All entries are to be transcribed verbatim, but images are not carried over.

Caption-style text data
==*==

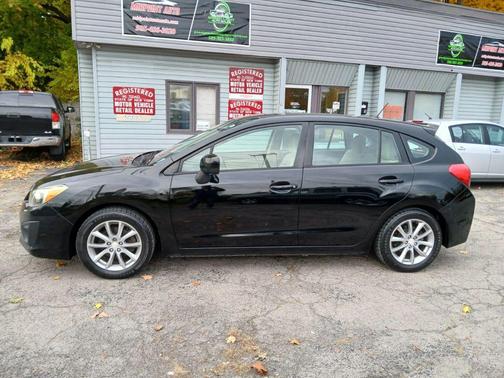 2012 Subaru Impreza 2.0i Premium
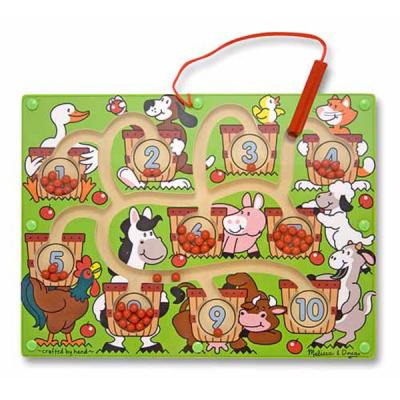 Развивающая игрушка Melissa&Doug Числовой магнитный лабиринт (MD2280)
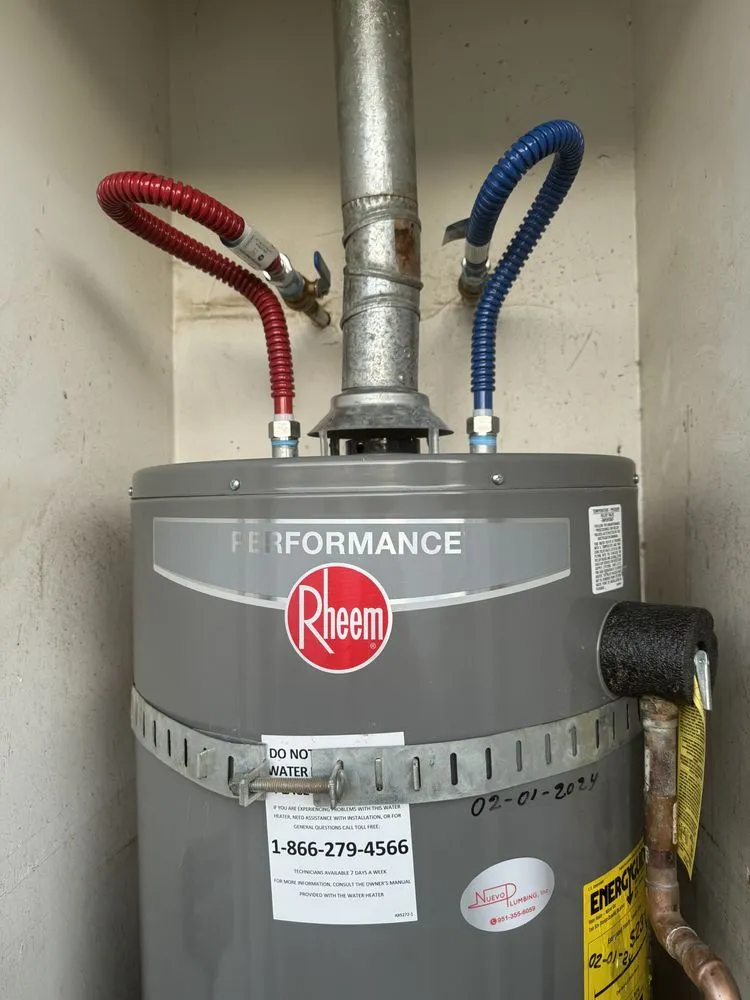 Slide of Nuevo Plumbing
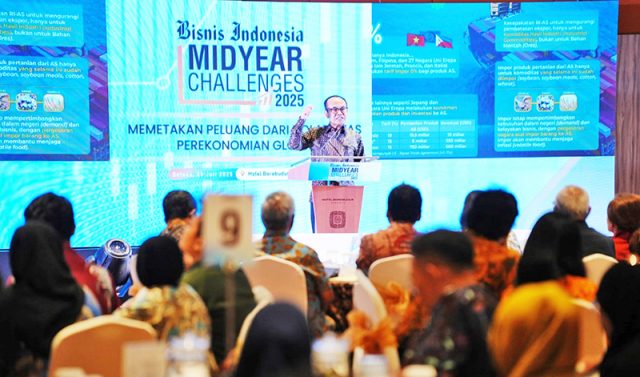 경제조정부, 자카르타에서 열린 '비즈니스 인도네시아 2025 중반기 과제' 행사
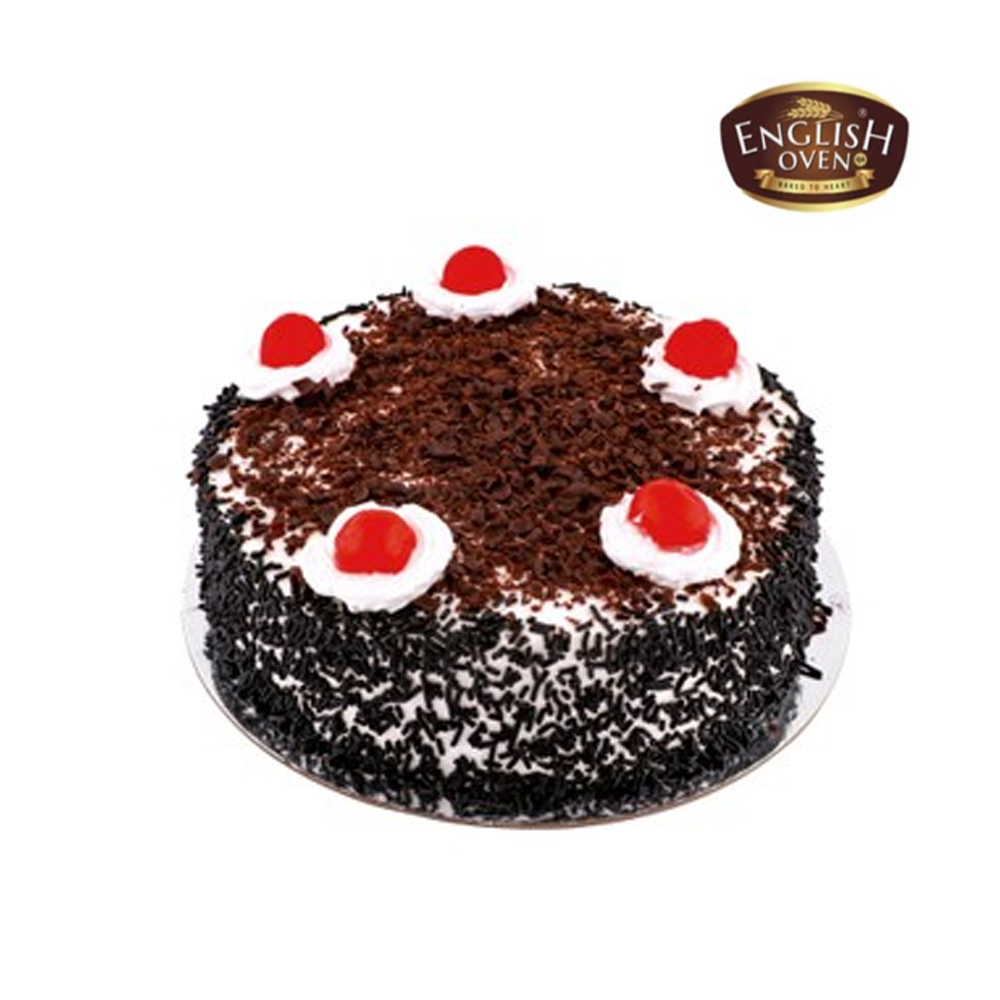 English Oven Black Forest Cake Small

==*==

Written reply:
 2012 Subaru Impreza 2.0i Premium
 Развивающая игрушка Melissa&Doug Числовой магнитный лабиринт (MD2280)
 Slide of Nuevo Plumbing
 경제조정부, 자카르타에서 열린 '비즈니스 인도네시아 2025 중반기 과제' 행사
 English Oven Black Forest Cake Small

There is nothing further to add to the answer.